Task details — The records beneath should be restated word for word.

The data —
★ ★ ★

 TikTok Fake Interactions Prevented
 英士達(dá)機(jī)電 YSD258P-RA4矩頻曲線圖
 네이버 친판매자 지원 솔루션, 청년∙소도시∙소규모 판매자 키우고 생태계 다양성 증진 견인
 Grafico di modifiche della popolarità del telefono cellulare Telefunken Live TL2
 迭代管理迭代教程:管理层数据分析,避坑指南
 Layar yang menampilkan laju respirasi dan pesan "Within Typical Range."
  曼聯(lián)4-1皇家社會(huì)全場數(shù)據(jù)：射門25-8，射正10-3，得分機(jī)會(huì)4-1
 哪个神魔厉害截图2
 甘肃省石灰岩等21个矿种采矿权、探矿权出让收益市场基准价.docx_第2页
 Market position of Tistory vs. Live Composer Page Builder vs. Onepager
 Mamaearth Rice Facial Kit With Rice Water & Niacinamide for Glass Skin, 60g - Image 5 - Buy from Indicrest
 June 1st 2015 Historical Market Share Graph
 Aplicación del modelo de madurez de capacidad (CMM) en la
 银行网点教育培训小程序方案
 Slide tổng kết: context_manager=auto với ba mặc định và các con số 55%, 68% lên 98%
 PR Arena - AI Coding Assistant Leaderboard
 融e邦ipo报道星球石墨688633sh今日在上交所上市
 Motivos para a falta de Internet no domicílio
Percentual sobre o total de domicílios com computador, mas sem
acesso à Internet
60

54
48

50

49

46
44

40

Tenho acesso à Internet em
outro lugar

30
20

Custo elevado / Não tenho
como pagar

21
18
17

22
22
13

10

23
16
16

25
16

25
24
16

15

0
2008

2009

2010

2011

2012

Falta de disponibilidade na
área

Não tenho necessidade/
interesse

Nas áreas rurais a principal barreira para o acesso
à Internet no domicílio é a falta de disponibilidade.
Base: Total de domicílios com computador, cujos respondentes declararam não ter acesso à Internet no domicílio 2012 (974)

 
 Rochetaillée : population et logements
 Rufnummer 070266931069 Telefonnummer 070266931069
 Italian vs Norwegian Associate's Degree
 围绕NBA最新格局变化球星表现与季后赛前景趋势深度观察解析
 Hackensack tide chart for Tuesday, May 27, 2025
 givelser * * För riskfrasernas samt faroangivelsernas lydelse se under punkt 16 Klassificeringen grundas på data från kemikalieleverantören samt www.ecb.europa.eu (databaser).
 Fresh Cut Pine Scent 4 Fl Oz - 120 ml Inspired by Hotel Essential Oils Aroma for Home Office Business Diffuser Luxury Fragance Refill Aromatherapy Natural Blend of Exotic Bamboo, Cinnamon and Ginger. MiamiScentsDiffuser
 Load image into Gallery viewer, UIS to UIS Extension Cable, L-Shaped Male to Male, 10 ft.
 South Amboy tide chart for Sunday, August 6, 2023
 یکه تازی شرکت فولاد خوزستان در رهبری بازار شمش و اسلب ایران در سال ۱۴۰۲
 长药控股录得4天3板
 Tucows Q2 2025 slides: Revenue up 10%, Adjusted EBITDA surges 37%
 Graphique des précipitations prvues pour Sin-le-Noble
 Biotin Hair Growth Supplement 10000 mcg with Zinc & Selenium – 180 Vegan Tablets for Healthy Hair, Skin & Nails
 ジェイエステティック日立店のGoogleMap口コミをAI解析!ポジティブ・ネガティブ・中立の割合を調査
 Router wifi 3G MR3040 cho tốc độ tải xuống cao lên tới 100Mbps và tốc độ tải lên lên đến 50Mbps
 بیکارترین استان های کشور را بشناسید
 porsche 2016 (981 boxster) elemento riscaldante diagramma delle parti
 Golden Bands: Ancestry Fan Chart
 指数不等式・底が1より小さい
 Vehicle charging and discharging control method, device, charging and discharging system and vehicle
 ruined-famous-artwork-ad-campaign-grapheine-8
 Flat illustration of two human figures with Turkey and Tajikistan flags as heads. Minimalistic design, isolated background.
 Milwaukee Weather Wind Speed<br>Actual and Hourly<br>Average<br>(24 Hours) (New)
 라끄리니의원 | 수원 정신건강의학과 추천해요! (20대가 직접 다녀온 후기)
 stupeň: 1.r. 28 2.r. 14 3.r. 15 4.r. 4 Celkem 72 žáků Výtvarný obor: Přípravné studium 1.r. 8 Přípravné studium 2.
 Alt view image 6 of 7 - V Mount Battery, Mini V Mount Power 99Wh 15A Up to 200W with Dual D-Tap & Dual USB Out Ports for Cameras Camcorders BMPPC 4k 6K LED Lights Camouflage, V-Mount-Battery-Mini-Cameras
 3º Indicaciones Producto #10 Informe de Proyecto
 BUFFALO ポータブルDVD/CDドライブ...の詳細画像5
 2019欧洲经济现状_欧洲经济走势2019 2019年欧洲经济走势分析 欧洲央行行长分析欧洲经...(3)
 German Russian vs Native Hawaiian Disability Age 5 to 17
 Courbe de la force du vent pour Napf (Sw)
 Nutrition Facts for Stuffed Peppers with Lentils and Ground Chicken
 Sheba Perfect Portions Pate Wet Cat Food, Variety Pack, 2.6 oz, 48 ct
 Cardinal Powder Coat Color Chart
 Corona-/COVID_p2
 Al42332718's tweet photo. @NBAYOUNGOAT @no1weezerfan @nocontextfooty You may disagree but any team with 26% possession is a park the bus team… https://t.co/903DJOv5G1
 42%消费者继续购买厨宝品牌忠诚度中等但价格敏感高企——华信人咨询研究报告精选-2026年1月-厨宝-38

★ ★ ★

Exercise response —
 TikTok Fake Interactions Prevented
 英士達(dá)機(jī)電 YSD258P-RA4矩頻曲線圖
 네이버 친판매자 지원 솔루션, 청년∙소도시∙소규모 판매자 키우고 생태계 다양성 증진 견인
 Grafico di modifiche della popolarità del telefono cellulare Telefunken Live TL2
 迭代管理迭代教程:管理层数据分析,避坑指南
 Layar yang menampilkan laju respirasi dan pesan "Within Typical Range."
  曼聯(lián)4-1皇家社會(huì)全場數(shù)據(jù)：射門25-8，射正10-3，得分機(jī)會(huì)4-1
 哪个神魔厉害截图2
 甘肃省石灰岩等21个矿种采矿权、探矿权出让收益市场基准价.docx_第2页
 Market position of Tistory vs. Live Composer Page Builder vs. Onepager
 Mamaearth Rice Facial Kit With Rice Water & Niacinamide for Glass Skin, 60g - Image 5 - Buy from Indicrest
 June 1st 2015 Historical Market Share Graph
 Aplicación del modelo de madurez de capacidad (CMM) en la
 银行网点教育培训小程序方案
 Slide tổng kết: context_manager=auto với ba mặc định và các con số 55%, 68% lên 98%
 PR Arena - AI Coding Assistant Leaderboard
 融e邦ipo报道星球石墨688633sh今日在上交所上市
 Motivos para a falta de Internet no domicílio
Percentual sobre o total de domicílios com computador, mas sem
acesso à Internet
60

54
48

50

49

46
44

40

Tenho acesso à Internet em
outro lugar

30
20

Custo elevado / Não tenho
como pagar

21
18
17

22
22
13

10

23
16
16

25
16

25
24
16

15

0
2008

2009

2010

2011

2012

Falta de disponibilidade na
área

Não tenho necessidade/
interesse

Nas áreas rurais a principal barreira para o acesso
à Internet no domicílio é a falta de disponibilidade.
Base: Total de domicílios com computador, cujos respondentes declararam não ter acesso à Internet no domicílio 2012 (974)

 
 Rochetaillée : population et logements
 Rufnummer 070266931069 Telefonnummer 070266931069
 Italian vs Norwegian Associate's Degree
 围绕NBA最新格局变化球星表现与季后赛前景趋势深度观察解析
 Hackensack tide chart for Tuesday, May 27, 2025
 givelser * * För riskfrasernas samt faroangivelsernas lydelse se under punkt 16 Klassificeringen grundas på data från kemikalieleverantören samt www.ecb.europa.eu (databaser).
 Fresh Cut Pine Scent 4 Fl Oz - 120 ml Inspired by Hotel Essential Oils Aroma for Home Office Business Diffuser Luxury Fragance Refill Aromatherapy Natural Blend of Exotic Bamboo, Cinnamon and Ginger. MiamiScentsDiffuser
 Load image into Gallery viewer, UIS to UIS Extension Cable, L-Shaped Male to Male, 10 ft.
 South Amboy tide chart for Sunday, August 6, 2023
 یکه تازی شرکت فولاد خوزستان در رهبری بازار شمش و اسلب ایران در سال ۱۴۰۲
 长药控股录得4天3板
 Tucows Q2 2025 slides: Revenue up 10%, Adjusted EBITDA surges 37%
 Graphique des précipitations prvues pour Sin-le-Noble
 Biotin Hair Growth Supplement 10000 mcg with Zinc & Selenium – 180 Vegan Tablets for Healthy Hair, Skin & Nails
 ジェイエステティック日立店のGoogleMap口コミをAI解析!ポジティブ・ネガティブ・中立の割合を調査
 Router wifi 3G MR3040 cho tốc độ tải xuống cao lên tới 100Mbps và tốc độ tải lên lên đến 50Mbps
 بیکارترین استان های کشور را بشناسید
 porsche 2016 (981 boxster) elemento riscaldante diagramma delle parti
 Golden Bands: Ancestry Fan Chart
 指数不等式・底が1より小さい
 Vehicle charging and discharging control method, device, charging and discharging system and vehicle
 ruined-famous-artwork-ad-campaign-grapheine-8
 Flat illustration of two human figures with Turkey and Tajikistan flags as heads. Minimalistic design, isolated background.
 Milwaukee Weather Wind Speed<br>Actual and Hourly<br>Average<br>(24 Hours) (New)
 라끄리니의원 | 수원 정신건강의학과 추천해요! (20대가 직접 다녀온 후기)
 stupeň: 1.r. 28 2.r. 14 3.r. 15 4.r. 4 Celkem 72 žáků Výtvarný obor: Přípravné studium 1.r. 8 Přípravné studium 2.
 Alt view image 6 of 7 - V Mount Battery, Mini V Mount Power 99Wh 15A Up to 200W with Dual D-Tap & Dual USB Out Ports for Cameras Camcorders BMPPC 4k 6K LED Lights Camouflage, V-Mount-Battery-Mini-Cameras
 3º Indicaciones Producto #10 Informe de Proyecto
 BUFFALO ポータブルDVD/CDドライブ...の詳細画像5
 2019欧洲经济现状_欧洲经济走势2019 2019年欧洲经济走势分析 欧洲央行行长分析欧洲经...(3)
 German Russian vs Native Hawaiian Disability Age 5 to 17
 Courbe de la force du vent pour Napf (Sw)
 Nutrition Facts for Stuffed Peppers with Lentils and Ground Chicken
 Sheba Perfect Portions Pate Wet Cat Food, Variety Pack, 2.6 oz, 48 ct
 Cardinal Powder Coat Color Chart
 Corona-/COVID_p2
 Al42332718's tweet photo. @NBAYOUNGOAT @no1weezerfan @nocontextfooty You may disagree but any team with 26% possession is a park the bus team… https://t.co/903DJOv5G1
 42%消费者继续购买厨宝品牌忠诚度中等但价格敏感高企——华信人咨询研究报告精选-2026年1月-厨宝-38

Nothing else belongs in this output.